Les Basques, empreints d’une forte culture maritime ancestrale, s’expatrient en Amérique latine, propageant ainsi leurs traditions. En 1888, Melchior Curutchague, jeune Basque argentin, décide d’adapter un chistera plus grand qui retient la balle. Son invention permet de stopper la balle dans le gant avant de la relancer (l’atxiki). La vitesse du lancer est décuplée, le terrain s’agrandit et le jeu devient encore plus spectaculaire. C’est l’apparition d’une nouvelle discipline : la cesta punta.

Cesta punta : le rêve américain

En 1904, les Américains découvrent la pelote basque à l’exposition universelle de Saint-Louis. Les frontons poussent comme des champignons dans le pays, à l’instar de Miami qui ouvre son premier jai alai en 1929. À cette époque, la pelote, très populaire à Cuba, compte une grande diaspora de joueurs. Les paris sont légion et le sport est directement intégré au casino, mais la révolution communiste met brutalement fin aux jeux d’argent. Les joueurs s’exilent alors en Floride qui devient, dans les années 60, un haut lieu de la cesta punta aux Etats-Unis. S’instaure alors une véritable filière de recrutement de joueurs, faisant de ces jeunes Basques, souvent pêcheurs ou fermiers chez eux, des stars façonnées à la sauce U.S.  À cette époque, les frontons qui tournent à plein régime drainent d’importantes sommes d’argent. 

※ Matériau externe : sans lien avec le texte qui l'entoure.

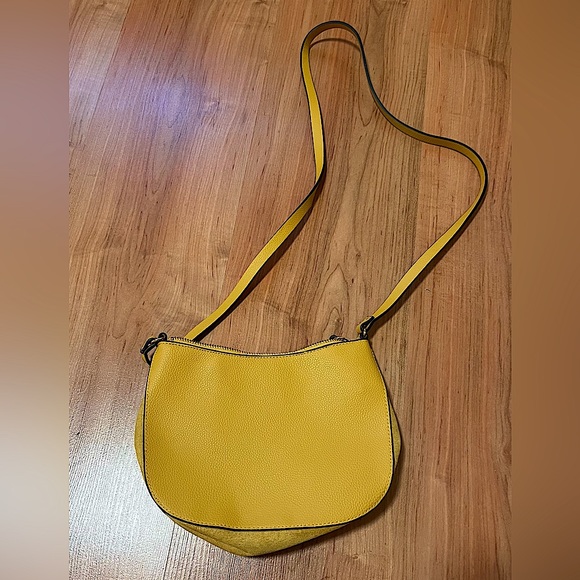 H&M yellow mini shoulder bag - Picture 1 of 2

Cesta punta outre-Atlantique : une chute programmée

En 1981, Roger Wheeler, propriétaire du World Jai Alai à Miami, est retrouvé assassiné dans sa voiture, après avoir découvert un système de détournement de fonds impliquant des membres du gang de Winter Hill, dirigé par le mafieux Whitey Bulger. La mafia s’intéresse de près au jai alai du fait de son potentiel lucratif et de la possibilité de manipuler les résultats des matches afin d’en tirer profit. Le First National Bank of Boston, qui avait financé le développement du jai alai aux Etats-Unis, plaide coupable en 1985 pour blanchiment d’argent dont une grande partie provenait de la mafia. Les liens entre les jai alai et la mafia contribuent à ternir l’image du jeu de balles. En 1988, les joueurs, sous-payés, décident quant à eux d’entamer une grève. Les investisseurs deviennent frileux, la cesta punta baisse en popularité, et c’est ainsi que l’âge d’or de la cesta punta prend fin outre-Atlantique.

Malgré l’issue qu’on lui connaît désormais en Amérique, la pelote basque, transmise par les anciens tel un précieux héritage, est et restera dans le cœur des Basques.